Thanks in advance for any help.
Edit: Additional Info
I found this page on the lighty forums indicating that it could be Django's fault ... in that case it was that PHP was crashing. I checked my Django-side stuff and discovered that even after a truncation, the Python thread that sent the truncated response would still be running afterwards and would serve subsequent requests, so it looks like the stream is not being broken by the thread hitting an exception and crashing out.

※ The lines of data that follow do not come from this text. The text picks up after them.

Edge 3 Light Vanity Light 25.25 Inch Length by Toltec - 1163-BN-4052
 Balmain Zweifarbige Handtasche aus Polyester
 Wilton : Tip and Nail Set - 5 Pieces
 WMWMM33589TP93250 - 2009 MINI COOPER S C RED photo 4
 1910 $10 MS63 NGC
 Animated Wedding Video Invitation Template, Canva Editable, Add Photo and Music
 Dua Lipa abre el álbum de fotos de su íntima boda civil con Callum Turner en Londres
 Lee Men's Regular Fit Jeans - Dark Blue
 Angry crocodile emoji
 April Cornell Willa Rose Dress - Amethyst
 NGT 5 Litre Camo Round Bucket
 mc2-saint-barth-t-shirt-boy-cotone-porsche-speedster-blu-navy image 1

I wanted to figure out whether or not it was Django's fcgi impl or Lighttpd that was at fault here (because that will determine whether or not moving to nginx + fastcgi would actually solve anything), so I took a look at the packet trace in Wireshark. The simplified log of what happens just before a truncation is below:
No. Time Info
30082 233.411743 django > lighttpd [PSH, ACK] Seq=860241 Ack=869 Win=524280 Len=8184 TSV=417114153 TSER=417114153
30083 233.411749 lighttpd > django [ACK] Seq=869 Ack=868425 Win=524280 Len=0 TSV=417114153 TSER=417114153
30084 233.412235 django > lighttpd [PSH, ACK] Seq=868425 Ack=869 Win=524280 Len=8 TSV=417114153 TSER=417114153
30085 233.412250 lighttpd > django [ACK] Seq=869 Ack=868433 Win=524280 Len=0 TSV=417114153 TSER=417114153
30086 233.412615 django > lighttpd [PSH, ACK] Seq=868433 Ack=869 Win=524280 Len=8184 TSV=417114153 TSER=417114153
30087 233.412628 lighttpd > django [ACK] Seq=869 Ack=876617 Win=524280 Len=0 TSV=417114153 TSER=417114153
30088 233.412723 lighttpd > django [FIN, ACK] Seq=869 Ack=876617 Win=524280 Len=0 TSV=417114153 TSER=417114153
30089 233.412734 django > lighttpd [ACK] Seq=876617 Ack=870 Win=524280 Len=0 TSV=417114153 TSER=417114153
30090 233.412740 [TCP Dup ACK 30088#1] lighttpd > django [ACK] Seq=870 Ack=876617 Win=524280 Len=0 TSV=417114153 TSER=417114153
30091 233.413051 django > lighttpd [PSH, ACK] Seq=876617 Ack=870 Win=524280 Len=8 TSV=417114153 TSER=417114153
30092 233.413070 lighttpd > django [RST] Seq=870 Win=0 Len=0
Good packets are coming from Django at the start (30082 for 8184 bytes, and then again at 30086 for another 8184 bytes) and then at entry 30088 for some reason Lighttpd sends a TCP FIN
to Django which is presumably what causes the connection to terminate and that's how you get the truncation.
On the face of it, it seems like this is Lighttpd's fault, since it looks like it is shutting things down before it's supposed to ... although I'm not sure that it isn't doing this because it has received some bad data from Django to which it reacts by shutting down.